Exercise inputs:
▬▬▬▬▬▬
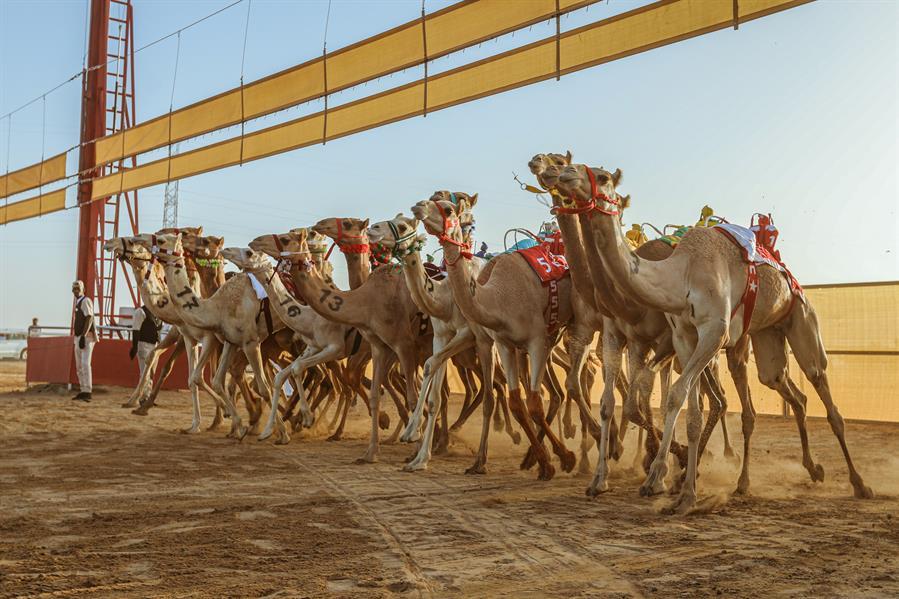 صورة الخبر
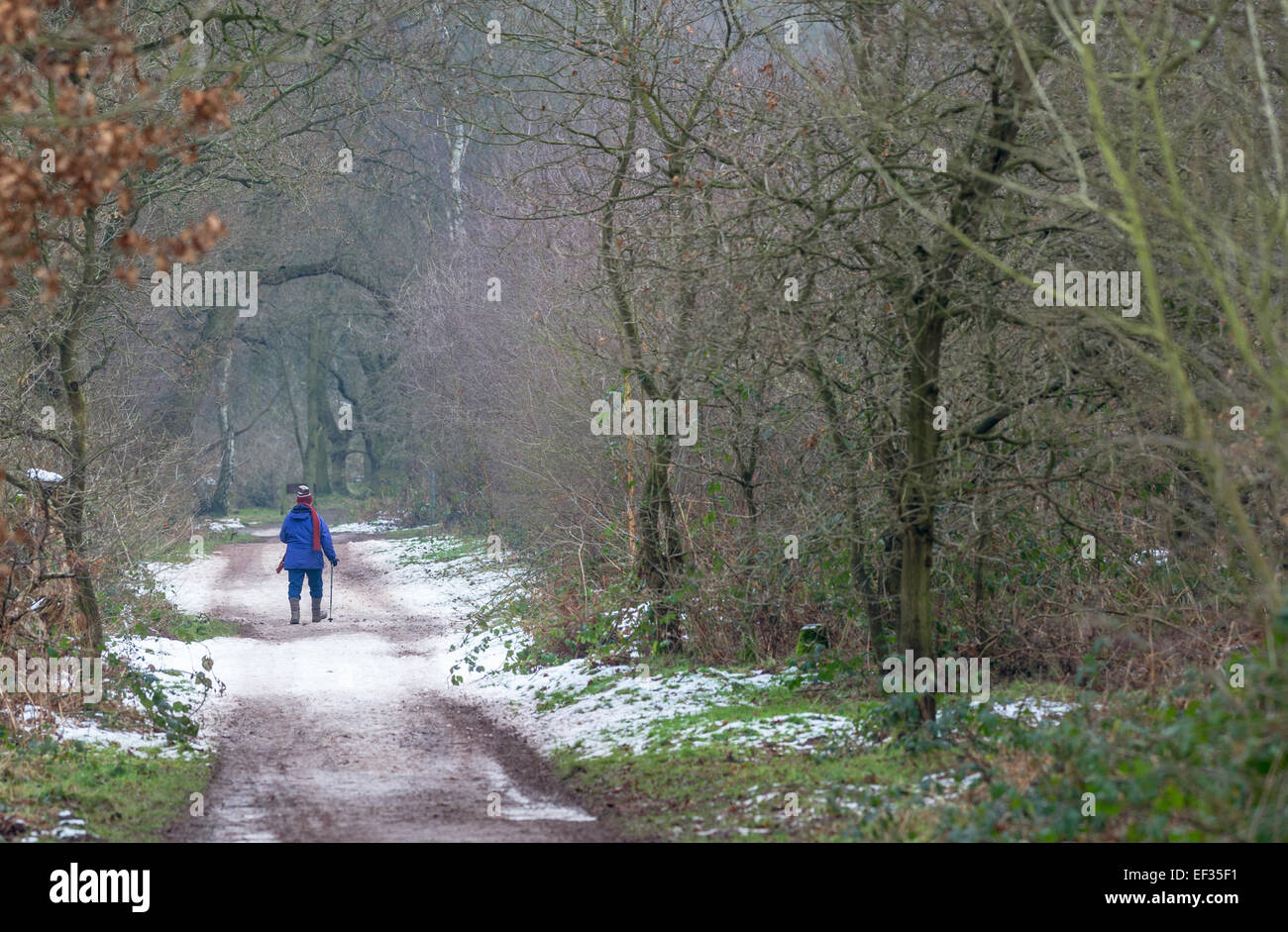 Elderly woman walking snowy road hi-res stock photography and images ...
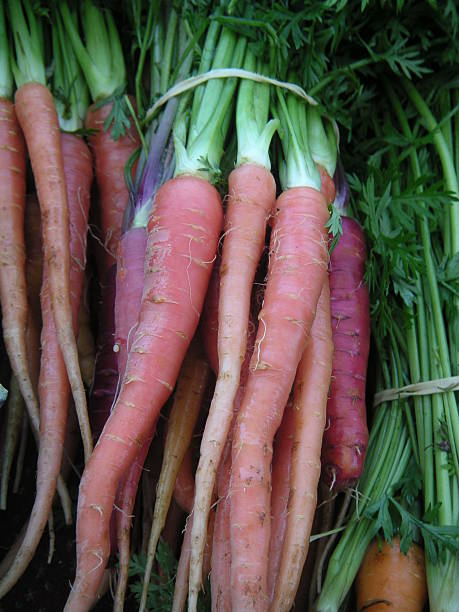 Carrots 3 stock photo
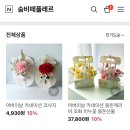 숨비떼플레르
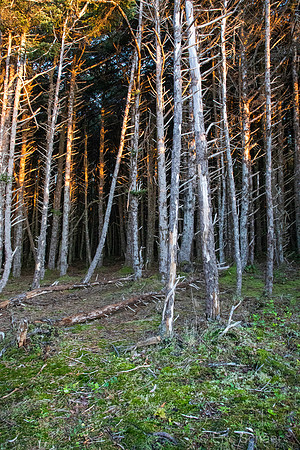 2020.12 Yachats Oregon Coast-3451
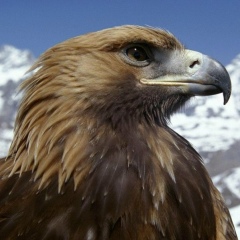 Антон Игнатов, 28.07.1984, Самара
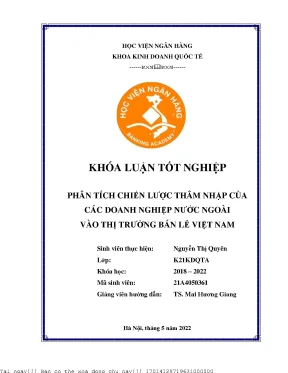 Phân Tích Chiến Lược Thâm Nhập Của Doanh Nghiệp Nước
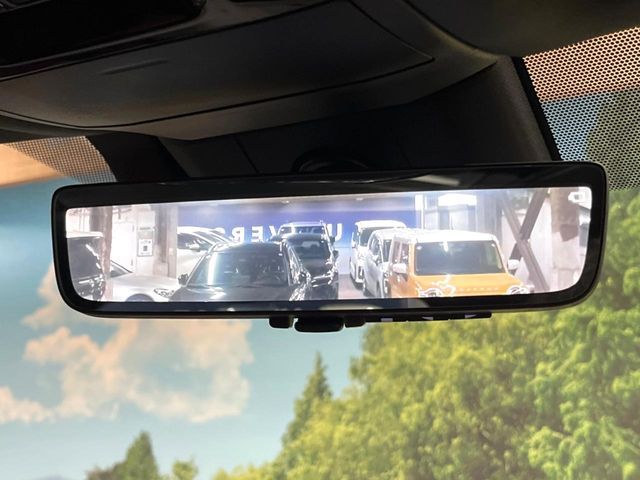 LEXUS RX500h
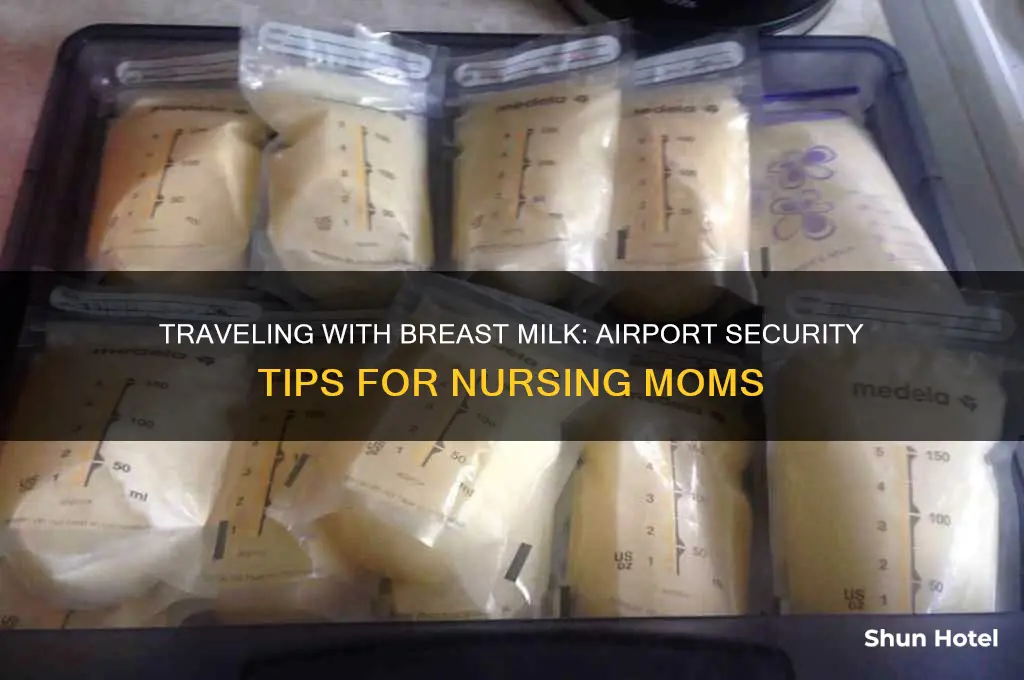 how to get breast milk through airport security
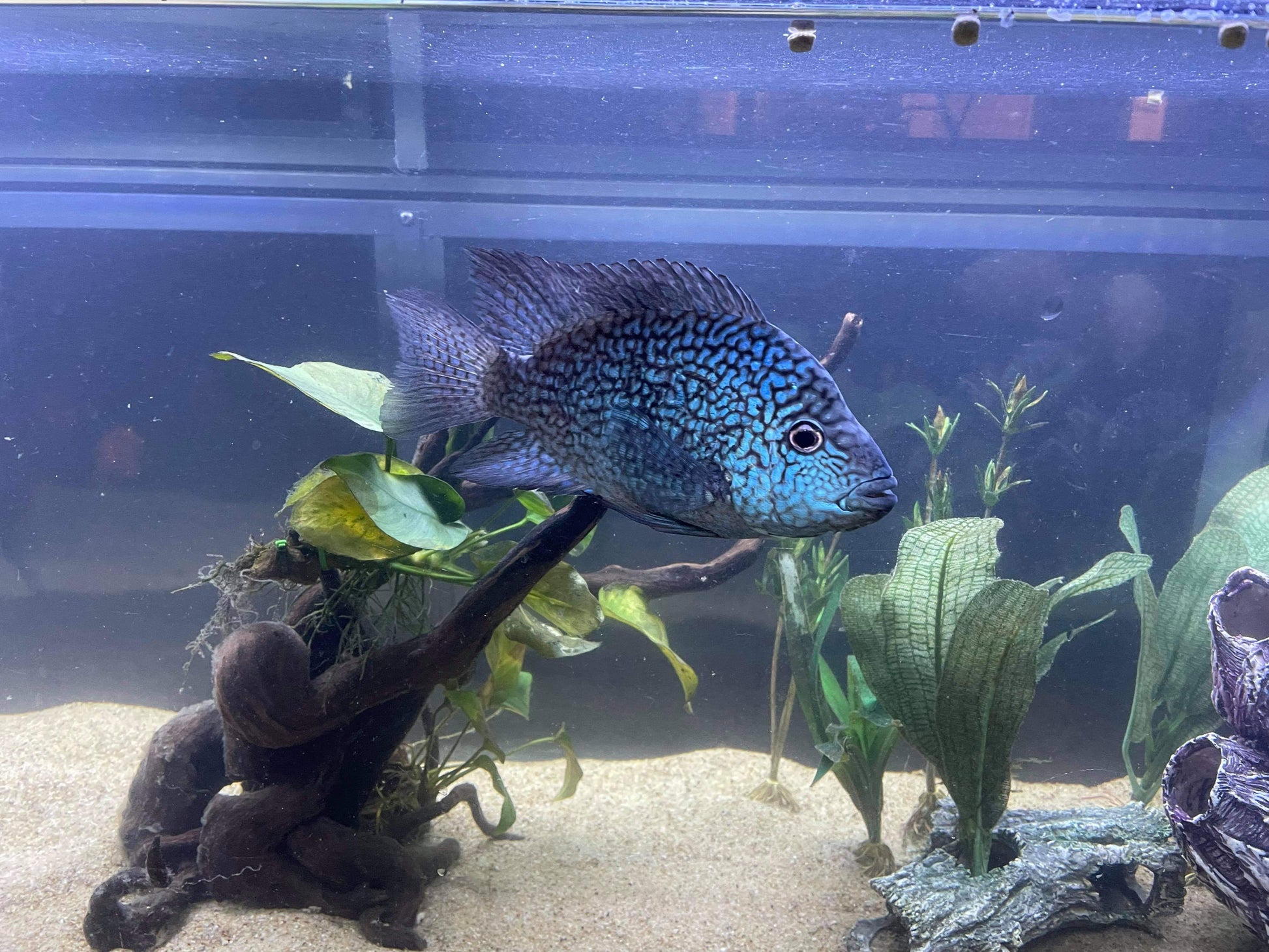 Carpintis Cichlid (Herichthys carpintis) AMERICAN CICHLID Danaqua Live Fish & More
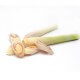 LEMONGRASS - Huile essentielle BIO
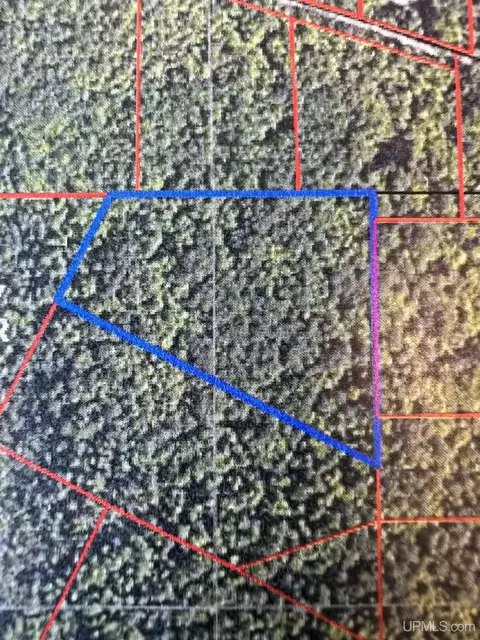 Lot 19 Miscauno Island, Daggett, MI 49821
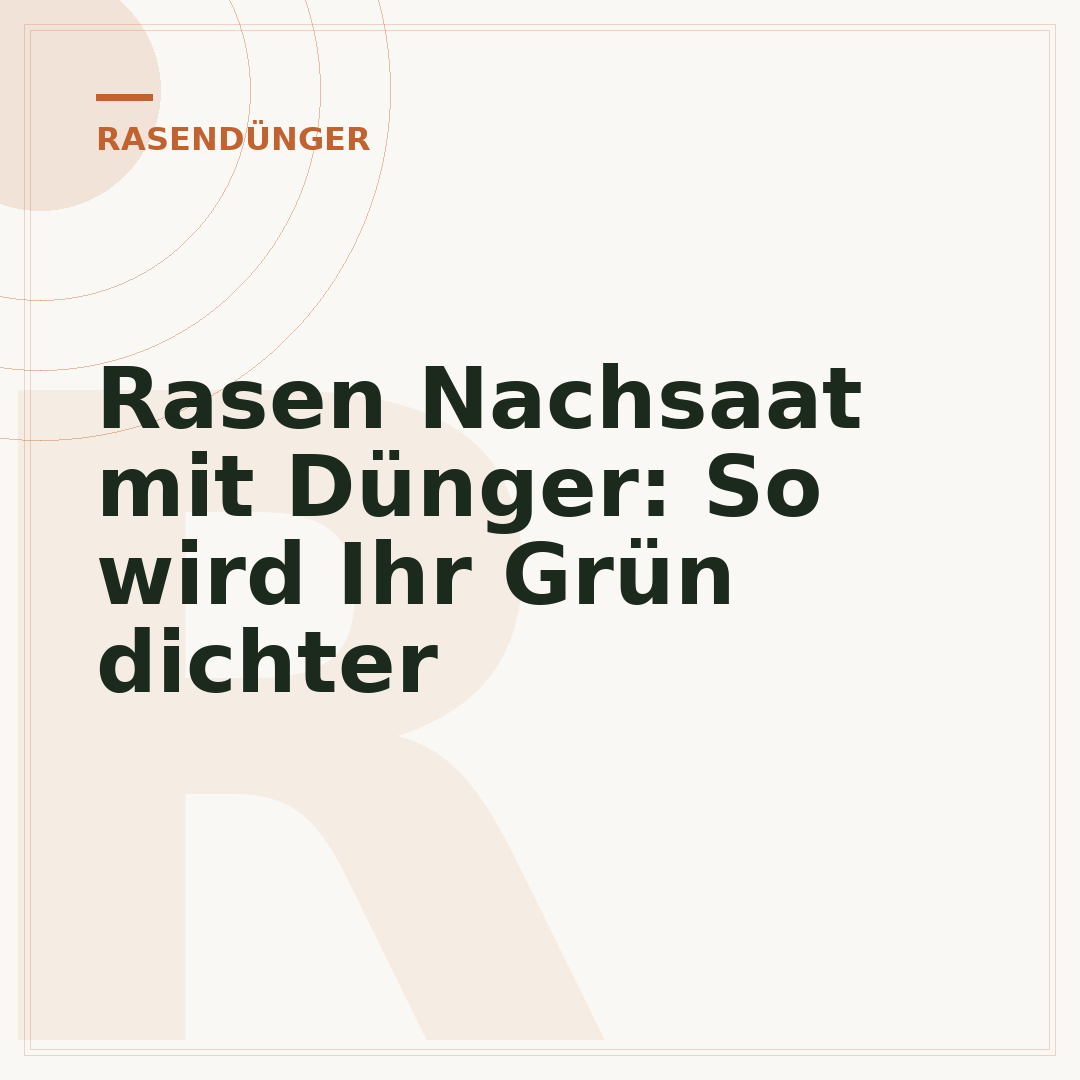 Rasen Nachsaat mit Dünger: So wird Ihr Grün dichter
▬▬▬▬▬▬
Problem details:
Set down the records above word for word, from the first line through the line containing "Carpintis Cichlid (Herichthys", both included; leave out the pictures.

Written solution:
 صورة الخبر
 Elderly woman walking snowy road hi-res stock photography and images ...
 Carrots 3 stock photo
 숨비떼플레르
 2020.12 Yachats Oregon Coast-3451
 Антон Игнатов, 28.07.1984, Самара
 Phân Tích Chiến Lược Thâm Nhập Của Doanh Nghiệp Nước
 LEXUS RX500h
 how to get breast milk through airport security
 Carpintis Cichlid (Herichthys carpintis) AMERICAN CICHLID Danaqua Live Fish & More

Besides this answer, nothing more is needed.